Researchers publish details of the easy-to-exploit ChaosDB vulnerability affecting Azure Cosmos DB database solution

A few months ago a group of researchers discovered the ChaosDB vulnerability, a severe flaw in the Azure Cosmos DB database solution whose exploitation would allow threat actors to access a vulnerable implementation without any restriction. This flaw affected thousands of Microsoft Azure customers, including some of the world’s largest companies.

Because the flaw was considered critical, it took two months for the cybersecurity community to share technical details about this finding, although the wait is finally over. During the BlackHat Europe 2021 event, Wiz researchers were able to share for the first time more technical details of ChaosDB, confirming that it was a critical security risk.
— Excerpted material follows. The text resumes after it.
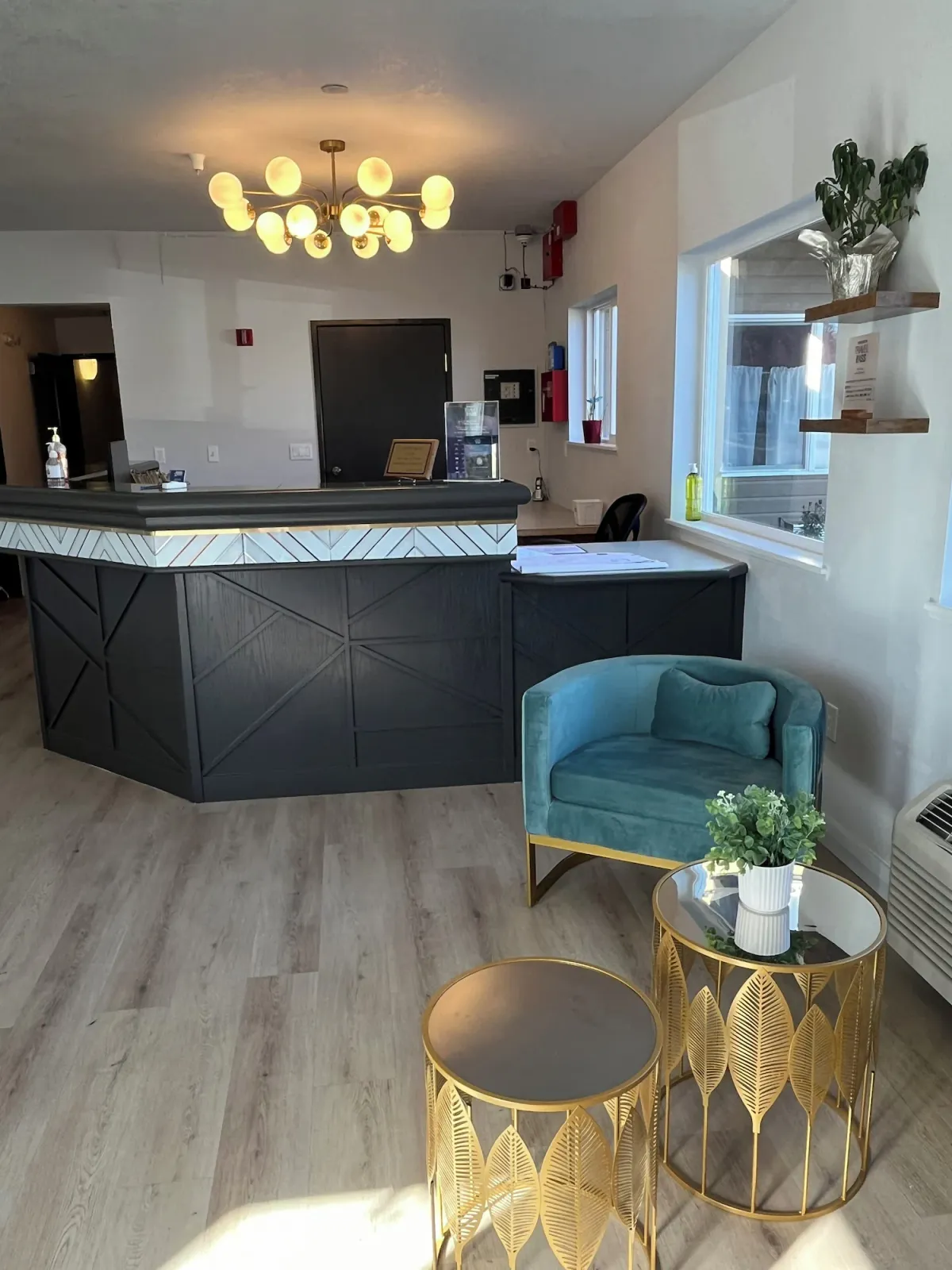 Image of Americas Best Value Inn & Suites-Forest Grove/Hillsboro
Until this presentation it was only known that ChaosDB is a string of misconfigurations in Cosmos DB derived from the way Microsoft introduced the Jupyter Notebook function. A possible escalation of local privileges would have allowed attackers to obtain a wide range of certificates and private keys in affected deployments.

Now, Wiz confirmed that the successful exploitation of every misconfiguration in Cosmos DB would have allowed threat actors to obtain a large amount of information related to exposed database implementations, including access credentials. In their tests, Wiz’s team managed to abuse these errors to authenticate to more than 100 Cosmos DB control panels to perform subsequent malicious tasks, including extracting authentication tokens.

Because of this attack, it was enough to use a couple of lines of code to evade the security layers in Cosmos DB and access the internal infrastructure of Azure, putting at risk much more than a database. A successful attack would have seriously damaged the Cosmos DB service due to the administrator position occupied by the attacker, and made it almost impossible for a client to implement any defense mechanism in this scenario.

In addition to affecting thousands of customers, Wiz believes the flaw could have also spread to other Microsoft implementations. In one of their tests, the researchers managed to take control of an entire Microsoft product environment using information extracted from a vulnerable implementation to ChaosDB.

Wiz’s work was critical, allowing Microsoft’s security teams to mitigate the risk of exploitation less than a couple of days after receiving the report. Experts also believe that the fact that this flaw affected a cloud deployment could have mitigated the risk, as Microsoft was able to address the flaw more efficiently than if it had been detected in an on-premises environment.